La rébellion kurde, entre «Faucons» et appels à la paix

Portrait d'Abdullah Öcalan et drapeau de la rébellion kurde lors des célébrations du Newroz à Istanbul. Le chef du PKK, emprisonné à vie, reste une icône pour une population qui se sent toujours marginalisée. 

		(Photo : Jérôme Bastion/RFI)
Portrait d'Abdullah Öcalan et drapeau de la rébellion kurde lors des célébrations du Newroz à Istanbul. Le chef du PKK, emprisonné à vie, reste une icône pour une population qui se sent toujours marginalisée.
(Photo : Jérôme Bastion/RFI)
Quelques jours après les attentats de Marmaris et Antalya (3 morts, une centaine de blessés dont 25 touristes étrangers), revendiqués par les Faucons de la Liberté du Kurdistan, la rébellion kurde propose un cessez-le-feu «conditionnel» à Ankara.
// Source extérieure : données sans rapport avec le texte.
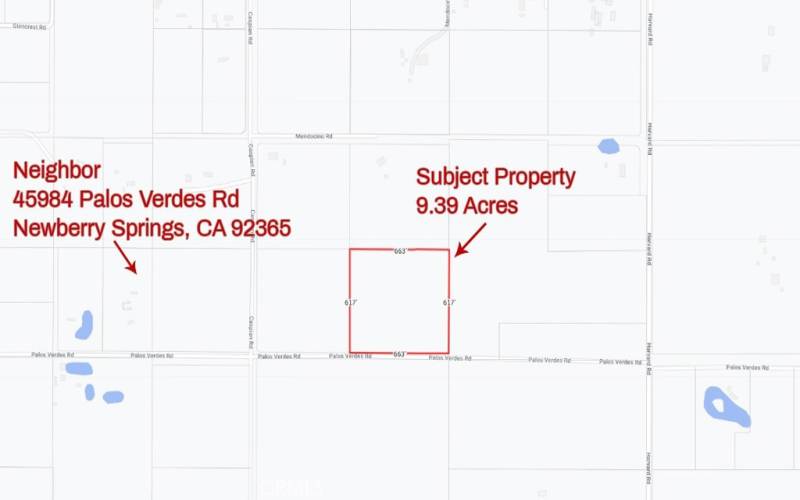 46300 Palos Verdes Rd - Road Map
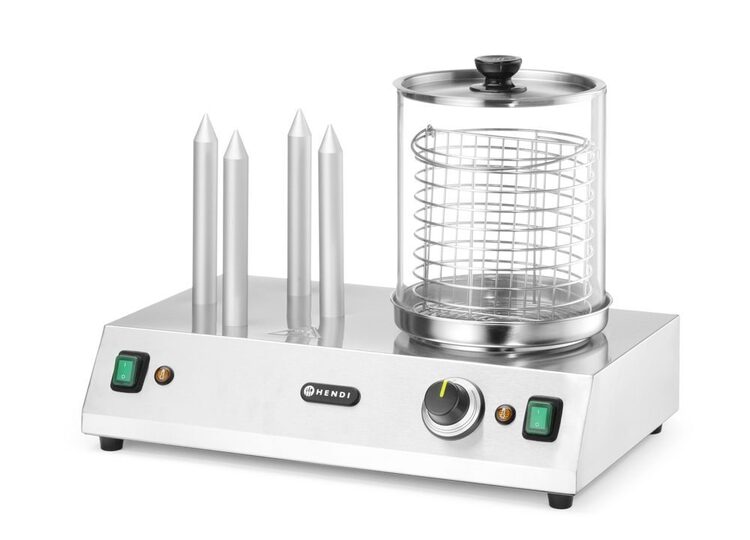 Detailopname Hendi hotdogwarmer 230V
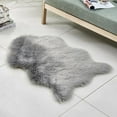 thumbnail image 3 of Non Slip Mats for Floor Wool Imitation Sheepskin Rugs Faux Non Slip Bedroom Carpet Mats Rug Mat Non Slip, 3 of 9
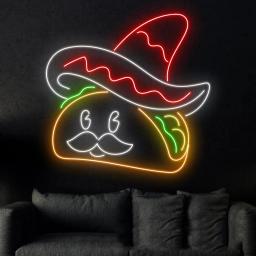 Sinal de néon de tacos mexicanos, sinal de néon personalizado, decoração de restaurante, sinal de néon, luz de loja de tacos mexicanos - Image 3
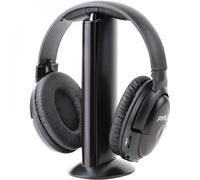 Cuffie wireless compatibili con Bluetooth con microfono, ideali per la casa, per guardare la TV, usare il cellulare, il PC e per lo sport.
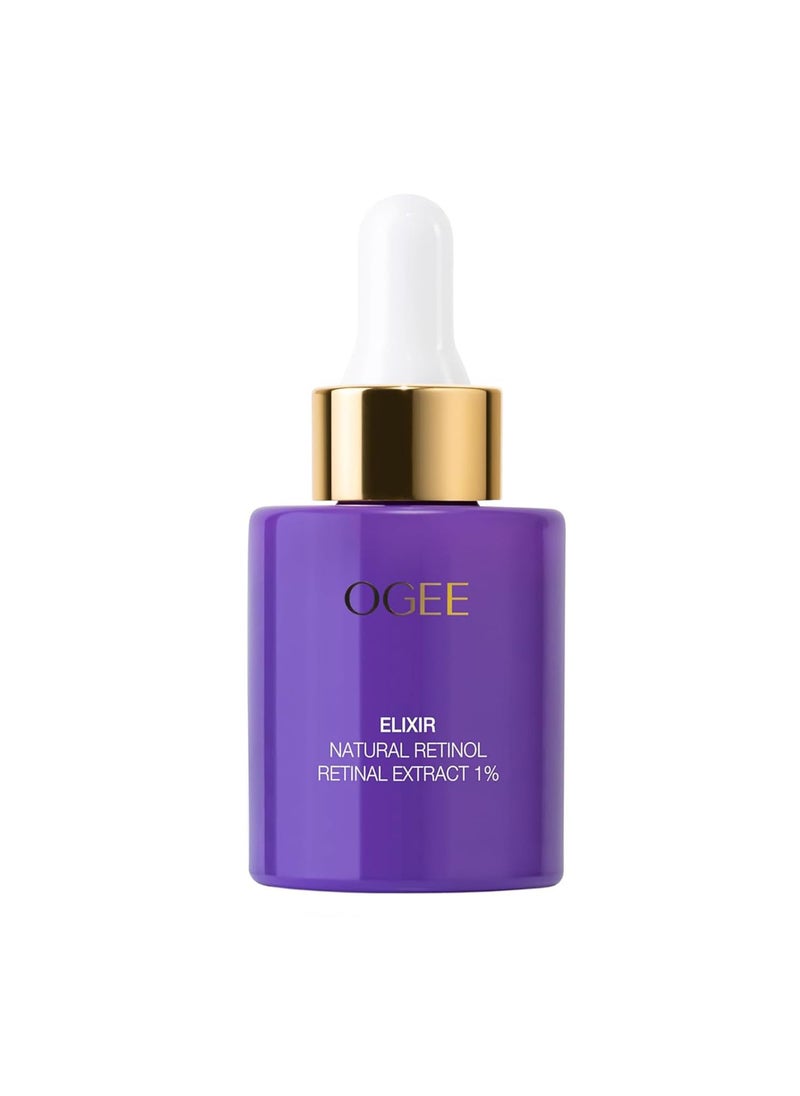 OGEE Ogee Natural Retinol Retinal 1 Elixir  Certified Organic AntiAging Face Serum For Smooth Firm Skin 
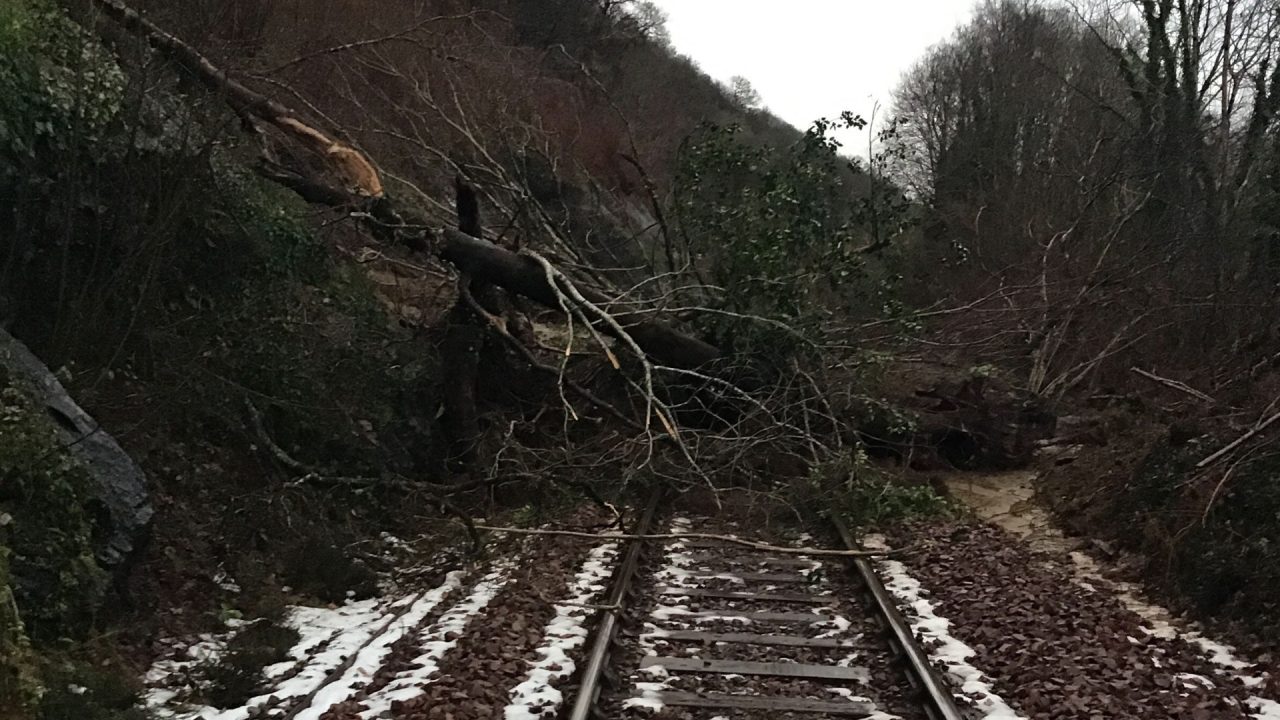 Argyll landslip near Falls of Cruachan closes Oban rail line and A85 road with 84-mile diversion in place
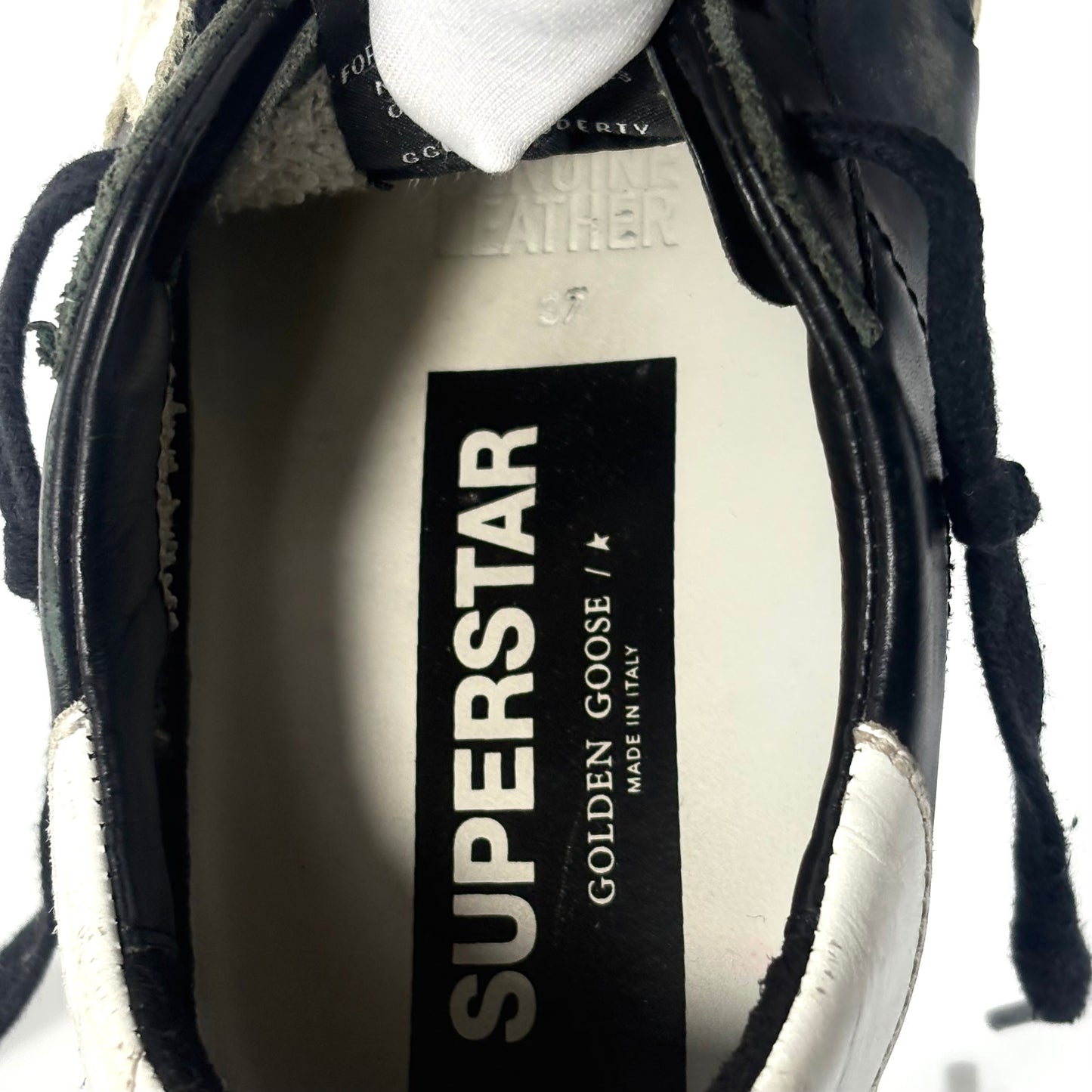 Golden goose Superstar nere e bianche 37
Un double langage qui illustre les divisions et la fragilisation, voire le désarroi, du Parti des Travailleurs du Kurdistan (PKK).

De notre correspondant à Istanbul

«Au moment où est lancé un appel à la fin des opérations (militaires) à l’occasion du 1er septembre, journée mondiale de la Paix, une opération de vaste envergure a été lancée à Dersim (nom kurde de Tunceli, est de la Turquie). Dans le cadre de cette opération, un (combattant) des HPG [«Forces de défense populaire», en kurde] a été tué». La dépêche de l’agence Firat, proche de la rébellion kurde, a de quoi surprendre, au moment où une série d’attentats vient d’ensanglanter le sud de la Turquie. Ce qui surprend moins, en revanche, c’est que les autorités turques aient totalement ignoré, comme par le passé, l’offre de cessez-le-feu faite par le Parti des Travailleurs du Kurdistan (PKK) une semaine plus tôt.

Cessez-le-feu «réciproque»

Une offre de cessez-le-feu «réciproque» réitérée vendredi par Murat Karayilan, président du KKK, instance politique suprême du parti, depuis le Mont Kandil (nord de l’Irak), où est retranchée la direction de la rébellion. «Si les conditions sont réunies, nous sommes prêts à entamer un processus de démilitarisation de la question kurde. Pour cela, il faut que l’autre partie donne un message positif et apaise un peu l’atmosphère», cite l’agence Firat. Mais lors de sa prise de fonction lundi, le nouveau chef d’état-major Yasar Büyükanit prévenait que «ceux qui croient que la République turque ne parviendra pas à en finir avec le terrorisme (…), qu’ils soient armés ou pas, n’atteindront jamais leur but» ; des déclarations «visant à saborder le processus», selon un communiqué du KKK daté de mardi - même s’il ne fait aucun doute qu’il était condamné par avance.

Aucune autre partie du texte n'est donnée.